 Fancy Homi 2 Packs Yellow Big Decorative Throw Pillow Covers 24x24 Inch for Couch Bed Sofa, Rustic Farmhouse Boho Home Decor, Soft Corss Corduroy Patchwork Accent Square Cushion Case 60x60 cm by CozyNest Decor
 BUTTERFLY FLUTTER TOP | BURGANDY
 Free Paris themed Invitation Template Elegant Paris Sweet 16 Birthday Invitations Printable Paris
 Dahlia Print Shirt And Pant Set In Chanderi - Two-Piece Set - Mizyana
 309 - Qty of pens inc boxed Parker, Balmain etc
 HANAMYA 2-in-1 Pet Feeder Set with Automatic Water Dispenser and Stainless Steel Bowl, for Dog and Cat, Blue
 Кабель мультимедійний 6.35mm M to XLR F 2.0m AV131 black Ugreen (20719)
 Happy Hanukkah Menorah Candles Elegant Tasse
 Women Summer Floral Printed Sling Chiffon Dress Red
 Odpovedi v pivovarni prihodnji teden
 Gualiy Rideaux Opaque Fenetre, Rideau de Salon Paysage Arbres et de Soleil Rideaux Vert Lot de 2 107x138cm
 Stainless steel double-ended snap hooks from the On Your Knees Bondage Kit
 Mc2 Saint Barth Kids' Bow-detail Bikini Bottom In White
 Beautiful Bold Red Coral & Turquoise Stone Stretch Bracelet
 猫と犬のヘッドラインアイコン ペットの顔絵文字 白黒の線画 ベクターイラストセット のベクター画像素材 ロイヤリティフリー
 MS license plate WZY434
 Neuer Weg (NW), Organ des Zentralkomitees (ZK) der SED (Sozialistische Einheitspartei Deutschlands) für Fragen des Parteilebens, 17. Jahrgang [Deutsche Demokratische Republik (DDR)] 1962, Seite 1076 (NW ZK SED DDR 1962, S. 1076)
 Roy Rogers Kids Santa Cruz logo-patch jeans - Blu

What the task requires: The records shown above are to be retyped exactly, with none omitted.

Your solution:
 Fancy Homi 2 Packs Yellow Big Decorative Throw Pillow Covers 24x24 Inch for Couch Bed Sofa, Rustic Farmhouse Boho Home Decor, Soft Corss Corduroy Patchwork Accent Square Cushion Case 60x60 cm by CozyNest Decor
 BUTTERFLY FLUTTER TOP | BURGANDY
 Free Paris themed Invitation Template Elegant Paris Sweet 16 Birthday Invitations Printable Paris
 Dahlia Print Shirt And Pant Set In Chanderi - Two-Piece Set - Mizyana
 309 - Qty of pens inc boxed Parker, Balmain etc
 HANAMYA 2-in-1 Pet Feeder Set with Automatic Water Dispenser and Stainless Steel Bowl, for Dog and Cat, Blue
 Кабель мультимедійний 6.35mm M to XLR F 2.0m AV131 black Ugreen (20719)
 Happy Hanukkah Menorah Candles Elegant Tasse
 Women Summer Floral Printed Sling Chiffon Dress Red
 Odpovedi v pivovarni prihodnji teden
 Gualiy Rideaux Opaque Fenetre, Rideau de Salon Paysage Arbres et de Soleil Rideaux Vert Lot de 2 107x138cm
 Stainless steel double-ended snap hooks from the On Your Knees Bondage Kit
 Mc2 Saint Barth Kids' Bow-detail Bikini Bottom In White
 Beautiful Bold Red Coral & Turquoise Stone Stretch Bracelet
 猫と犬のヘッドラインアイコン ペットの顔絵文字 白黒の線画 ベクターイラストセット のベクター画像素材 ロイヤリティフリー
 MS license plate WZY434
 Neuer Weg (NW), Organ des Zentralkomitees (ZK) der SED (Sozialistische Einheitspartei Deutschlands) für Fragen des Parteilebens, 17. Jahrgang [Deutsche Demokratische Republik (DDR)] 1962, Seite 1076 (NW ZK SED DDR 1962, S. 1076)
 Roy Rogers Kids Santa Cruz logo-patch jeans - Blu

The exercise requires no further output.